Like “Transfer,” this story is about an outside observer of a mysterious drama that’s never completely explicated. I find it more effective though. Maybe because it so blatantly dwells on the narrator’s loss at the end, making it clear to the superficial reader (me) what the story was about. “Transfer” ends with the narrator contemplating the harm she has done by interfering, and then “marvel[ing]” at the stories she can now tell. Perhaps that story is about casual cruelty, and was just too subtle for me.

The last line ought to be a little too neat, but to my ear it rings just right. The narrator is approaching his own death, his own disappearance.

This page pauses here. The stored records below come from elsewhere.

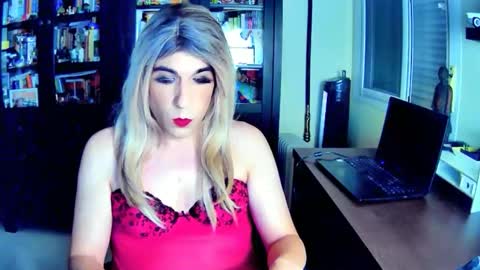 Snapshot of lisbeth_69 chatting on 05.23.26 lisbeth_69 online show from 05.23.26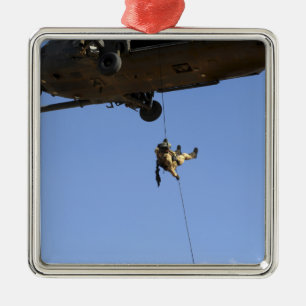 Ornamento De Metal Um pararescueman rappels de um HH-60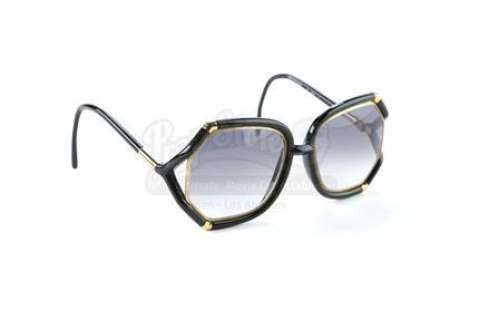 American Hustle (2013) | Rosalyn Rosenfeld’s (Jennifer Lawrence) Sunglasses | Propstore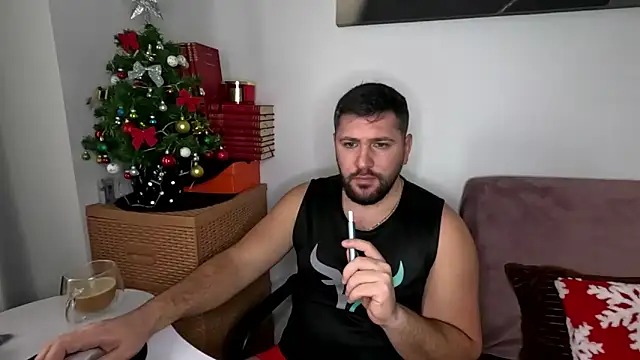 Gold Alpha Boy online show from 12.03.25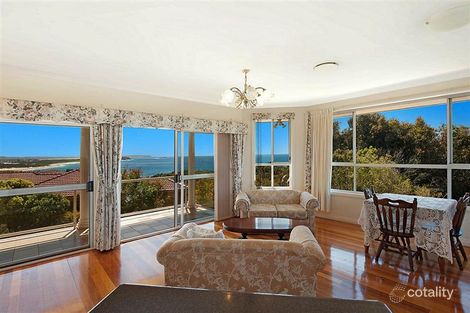 Property photo of 16 Seacliff Place Caves Beach NSW 2281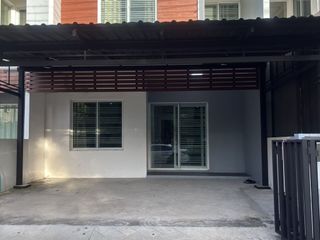 For rent 3 bedrooms townhouse in Bang Phli, Samut Prakan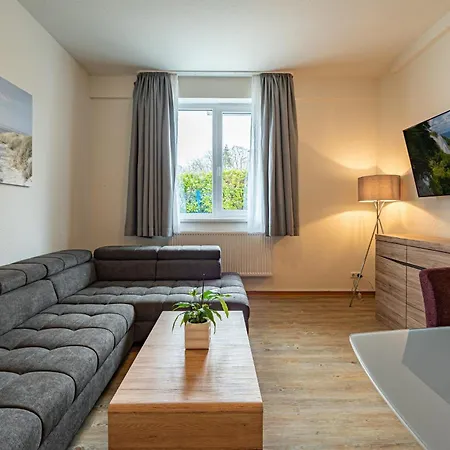 民宿 Appartementhaus Mit Balkon Im Ostseebad Hm-adl *
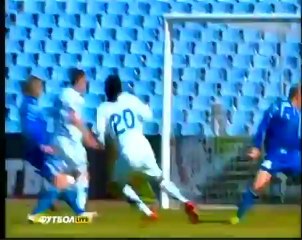 Ο Ντέρεκ Μπόατενγκ σκοράρει με τη φανέλα της Ντνίπρο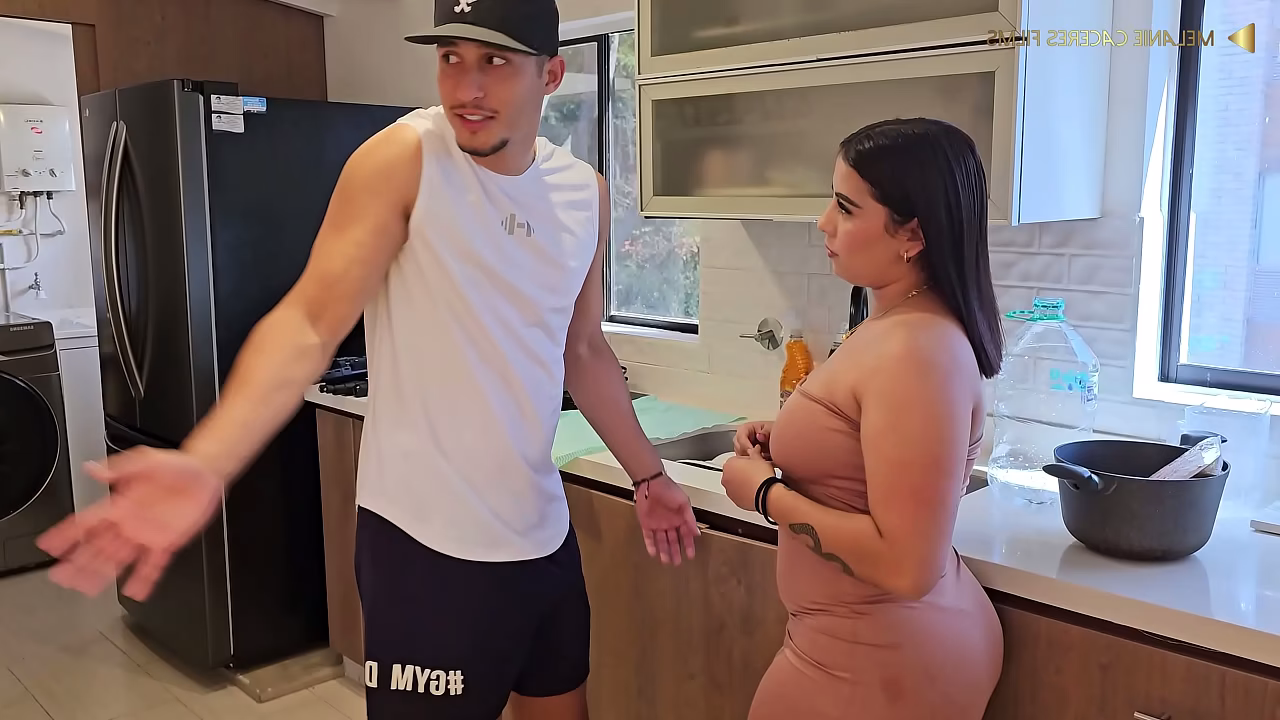suegra bbw se folla al novio de su hijastra a escondidas de ella - EmilyFox & Millan Rodriguez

I admire the prose—snappy and full of juice.

My theory on the dog is that he was bleached by old urine.

Short story: “Me and Miss Mandible”

“Me and Miss Mandible,” by Donald Barthelme

First appeared in 1961 in Contact, issue 7 (I can’t find this magazine and presume it’s defunct), under the title “The Darling Duckling at School” (which I think is terrible); collected in Come Back, Dr. Caligari (Little, Brown and Company, 1964) and Sixty Stories (G. P. Putnam’s Sons, 1981); online here

4,185 words—or close enough

So this was Barthelme’s first published story? Wouldn’t have guessed. Rereading, I want to quote so many lines. This wonderful portrait of prepubescent sexuality, for instance: “Amos Darin has been found drawing a dirty picture in the cloakroom. Sad and inaccurate, it was offered not as a sign of something else but as an act of love in itself. It has excited even those who have not seen it, even those who saw but understood only that it was dirty. The room buzzes with imperfectly comprehended titillation.”

I wonder what we’re to make of Miss Mandible (what a name!) being “ruined but fulfilled”? Was her moment of sexual ecstasy worth her job? Maybe her fulfillment is part of an elaborate fantasy going on here. (Either the narrator or Barthelme is a bit of a pig, after all; he thinks a little girl has “a woman’s disguised aggression and a woman’s peculiar contradictions.”)

But we’re told Miss Mandible “knows now that everything she has been told about life, about America, is true.” Doesn’t that go against the main idea in this story, the way “the authorities” run so much of our lives, the arbitrariness of so much of society and the roles we play in it? “Who decides?” Isn’t Miss Mandible, after all, being punished for the authorities’ edict that a thirty-five-year-old is actually eleven? Or is her punishment itself the thing that confirms in her mind the authorities’ righteousness? How is it that “truth is punishment”? I don’t know. I enjoy the story without being able to puzzle it out.

Glad I googled Sounds of Sebring.

Flash fiction story: “Eight Tips for Living with the Monster Under Your Bed”

“Eight Tips for Living with the Monster Under Your Bed,” by Derek Heckman

Appeared here in Wigleaf, December 12th, 2018

1,002 words (I’m rounding down to count it as flash fiction)

This seems to be—pardon my literal-mindedness—a story of childhood schizophrenia, and how it gradually becomes unbearable. The last line, the bit in italics, is surely spoken by an imaginary version of the boy’s brother.

The use of second person imparts a sense of intimacy. Perhaps second person is a good substitute for first when the character is incapable of narrating (in this case because of his age).

Short story: “STET”

“STET,” by Sarah Gailey

Appeared in Fireside Magazine, October 2018 (read here); recommended to me by a friend with good taste

1,434 words

I very much admire the use of the form, and the sense of barely restrained fury and grief. I’m reminded of the parents in “People Like That Are the Only People Here” (the coping mechanism feels similar even if the emotion is quite different) and “Incarnations of Burned Children.”

Nice work on Fireside‘s part, formatting this. I wonder how accessible it is to people using screen readers though? I imagine they probably figured something out.